Although these benefits sound purely technical, taking action on them can be business critical. Around 70% of users tend to abandon an app (and brand) that’s slow, and almost 43% tend to discard apps that take more than 3 seconds to load. Cloud-based device infrastructure platforms that provide additional insights about application experiences are therefore gaining traction and popularity.
Classic spectres of poor software performance (e.g., memory leaks or spinning CPUs) can plague a digital experience, so there is good reason to measure and profile such metrics. However, a bad user experience can also be related to network latency, device compatibility, or even human perception. Modern user experience goes beyond input/output functionality. It must now be considered more broadly, with businesses ensuring their app responds to user attributes, behaviors, and directions across all dimensions, devices, and networks.
Delivering superior mobile experience requires extensive testing, both locally and in the field. A dizzying number of factors must come together seamlessly and instantaneously to deliver a positive user experience. From optimized code to app performance in realistic network conditions, various factors need to be considered around software, device, backend, and network to ensure a positive mobile experience.
Quality Engineering Teams cannot afford to get mired in an endless cycle of post-production fire drills, reacting to problems with production systems rather than identifying and fixing issues proactively. If they do, problem resolution can turn into a battle between teams rather than a collaborative effort, hindering the organization’s ability to focus on more strategic long-term priorities and innovation.
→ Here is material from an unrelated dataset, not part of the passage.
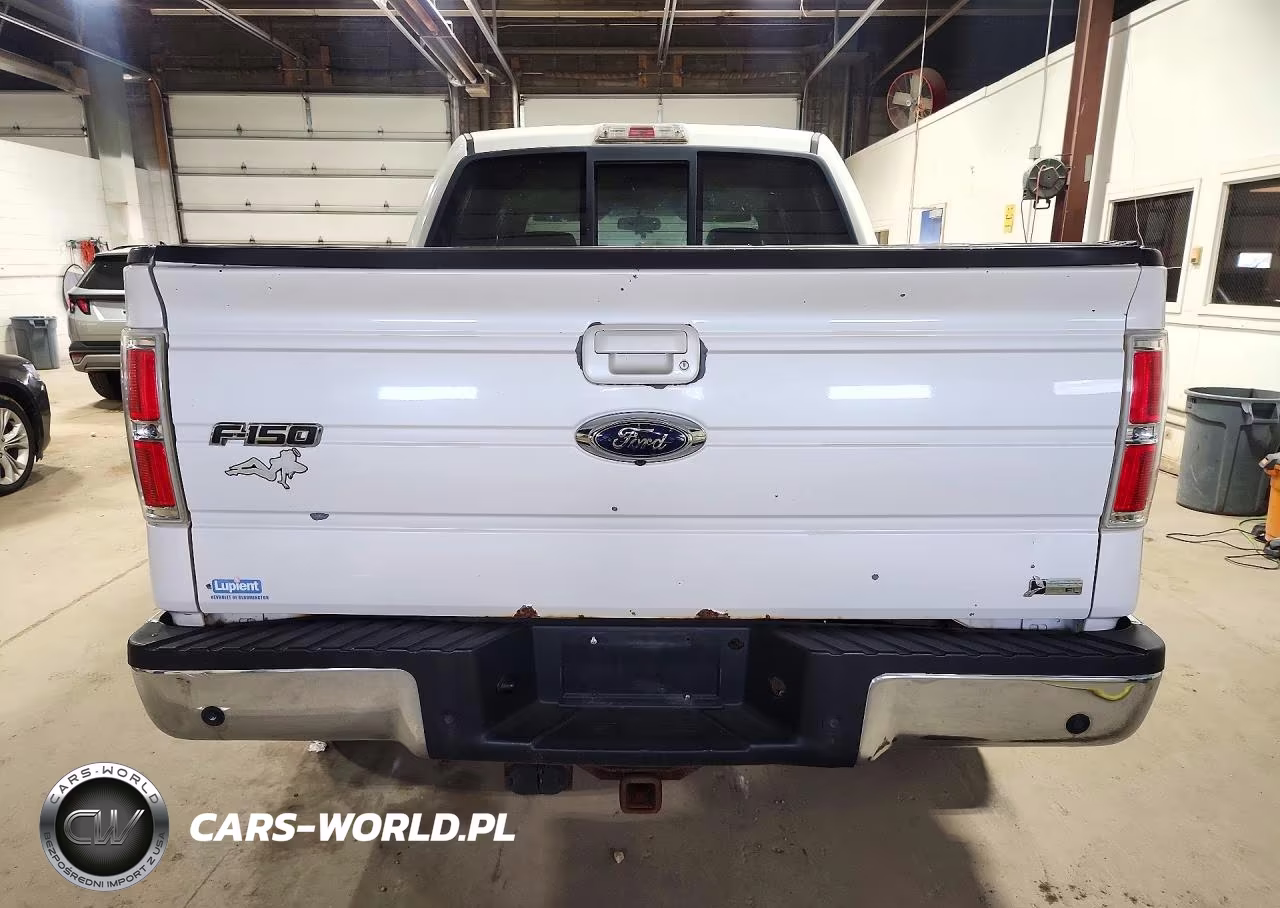 2010 Ford F150 Supercrew VIN:1FTFW1EV3AKE80415 - 6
In today’s mobile and experience-driven economy, testing, monitoring, and analytics must not be managed in isolation. Comprehensive testing (including functional, performance, and load testing) needs to be employed alongside monitoring and analytics, with a unified approach that provides actionable insights about the user experience. All gathered intelligence needs to be seamlessly integrated with advanced analytics, including predictive analytics powered by artificial intelligence. And enterprises need to crush invisible walls that still seem to exist between IT and business, positioning them to improve their digital experience and realize sustained success.
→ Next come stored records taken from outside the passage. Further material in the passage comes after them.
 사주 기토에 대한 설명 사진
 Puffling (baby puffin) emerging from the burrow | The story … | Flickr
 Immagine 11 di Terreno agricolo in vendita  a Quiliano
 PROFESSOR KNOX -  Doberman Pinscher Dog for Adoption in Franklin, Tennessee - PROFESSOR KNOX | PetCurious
Quality engineering teams, if empowered with the right platforms and strategy, can play a key role in these digital efforts and meaningfully enhance the enterprise’s monetization potential.
1. Why do we use data-driven testing?
Automated scripts can run thousands of tests every day. However, the data sets in these tests are usually hardcoded, and the script uses the same data set each time. A data-driven test extracts the inputs from a different source, usually a data file, and tests with various possible inputs.
2. Can AI be used for software testing?
Software quality assurance teams are increasingly using AI and ML tools. These tools can design, create, and execute test scripts without significant interference from human testers or developers. For example, Nimbledroid can run automated crash detection scripts and identify the scenarios where your app might break.
3. Why should we do regression testing?
Regression testing ensures that any new code or functionality does not break the existing software. It is responsible for ensuring that the overall application remains functional and stable after adding a new piece of code.
4. What are positive and negative testing?
Positive testing tests an application with valid data sets to check if the application is working as intended. On the other hand, negative testing tests the application with invalid user inputs to check if the application handles the input errors gracefully.